Selon les données de Eurostat, la superficie moyenne des terres arables des exploitations agricoles ukrainiennes s’élève à 485 hectares, ce qui est considérablement supérieur à la moyenne de 30 hectares en France ou de 8 hectares en Pologne.

La PAC actuelle comporte déjà un régime de paiement redistributif qui plafonne les paiements directs aux grandes exploitations, afin de favoriser les paiements supplémentaires aux plus petites, mais ce dispositif est jugé insuffisant pour atténuer l’impact de la présence d’une puissance agricole mondiale telle que l’Ukraine parmi les bénéficiaires des subventions de la PAC.

Le ministère allemand de l’Agriculture voit dans cette future adhésion de Kiev l’occasion de réformer fondamentalement la PAC et de s’éloigner des paiements à la surface, largement inconditionnels.

Plusieurs États fédérés allemands, ainsi que des organisations environnementales et des représentants de l’agriculture biologique et de l’agriculture à petite échelle, se sont également prononcés en faveur de la préparation des fonds agricoles de l’UE à l’adhésion de l’Ukraine.

De son côté, le gouvernement de Kiev affirme que l’adhésion de l’Ukraine permettrait de renforcer le secteur agricole de l’UE et ferait de l’Union un acteur mondial dans le domaine de l’agriculture.
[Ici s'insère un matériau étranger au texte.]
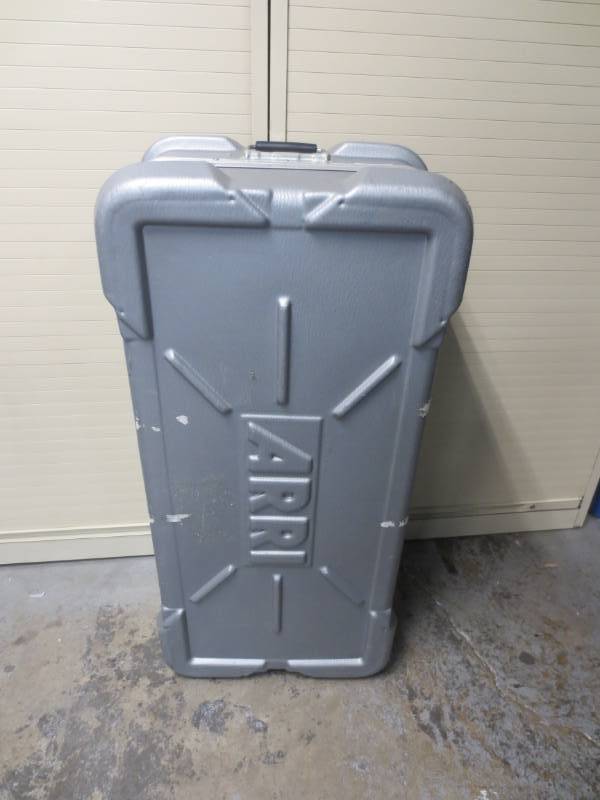 lot 1137 image: Arri light case with wheels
Selon une étude récente de l’Institut de Vienne pour les études économiques internationales a conclu que le secteur agricole ukrainien ne deviendrait pas un « puits sans fond » pour la PAC parce qu’il est déjà compétitif sans bénéficier de subventions importantes. Il reste toutefois « trop compétitif » par rapport à d’autres pays de l’UE à certains égards.
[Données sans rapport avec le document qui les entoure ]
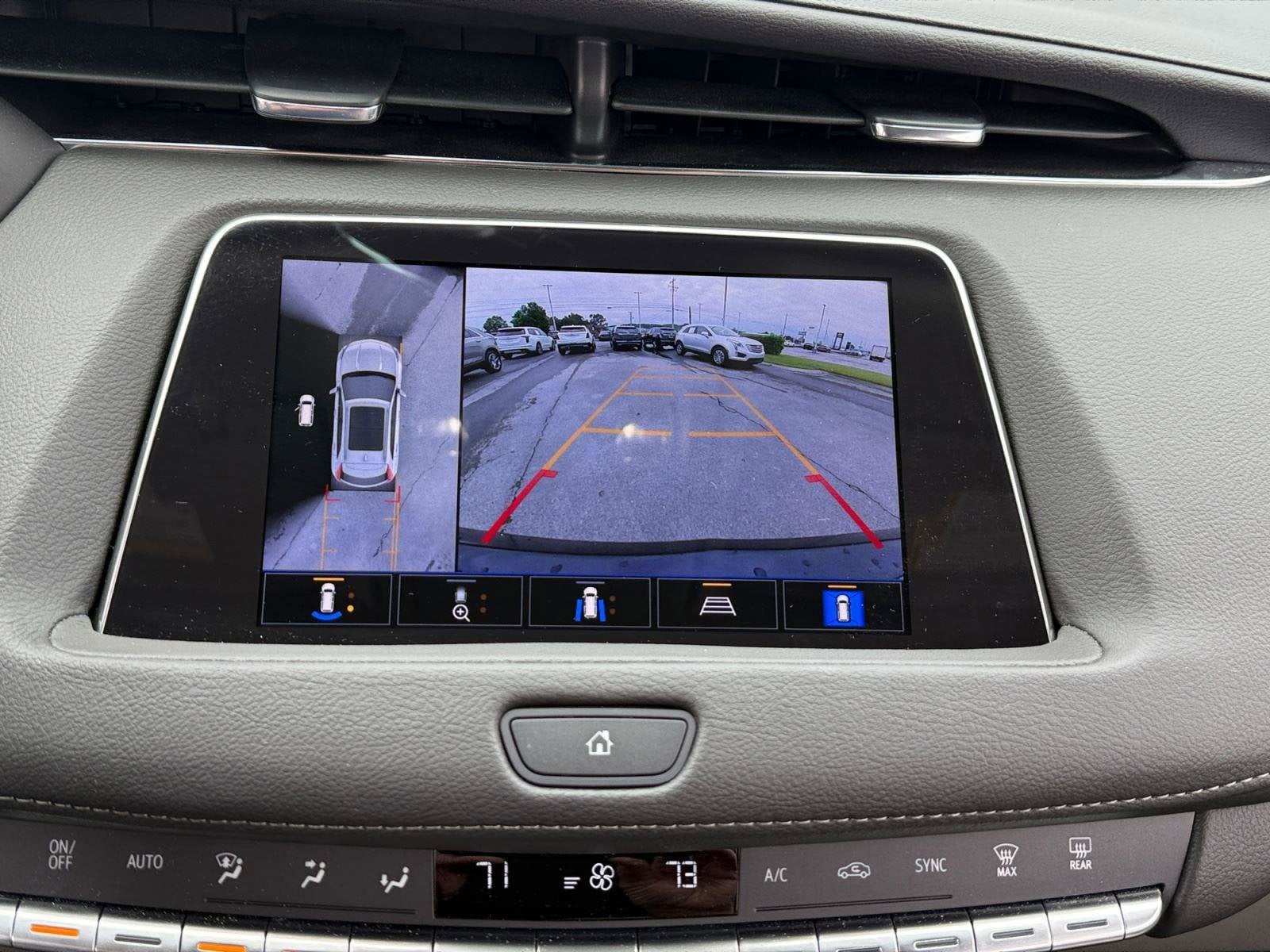 2023 Cadillac XT4 Base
« En fait, grâce à une terre noire [tchernoziom] fertile et à une main-d’œuvre bon marché, l’agriculture ukrainienne produit si efficacement qu’elle représente une concurrence sérieuse pour de nombreux pays de l’UE, comme le montre le différend sur les exportations de céréales ukrainiennes vers la Pologne et la Hongrie », peut-on lire dans l’étude.

En outre, l’adaptation aux normes de production de l’UE constitue un autre défi de l’adhésion.

M. Rukwied a insisté sur le fait que l’Ukraine rejoindrait l’UE « en tant que pays [n’appliquant pas] nos normes agricoles, par exemple en ce qui concerne l’utilisation de pesticides » et qu’elle serait donc en concurrence déloyale avec les exploitations agricoles d’autres pays de l’UE.

Si elle veut rejoindre l’Union, l’Ukraine devra transposer toutes les normes européennes dans son droit national.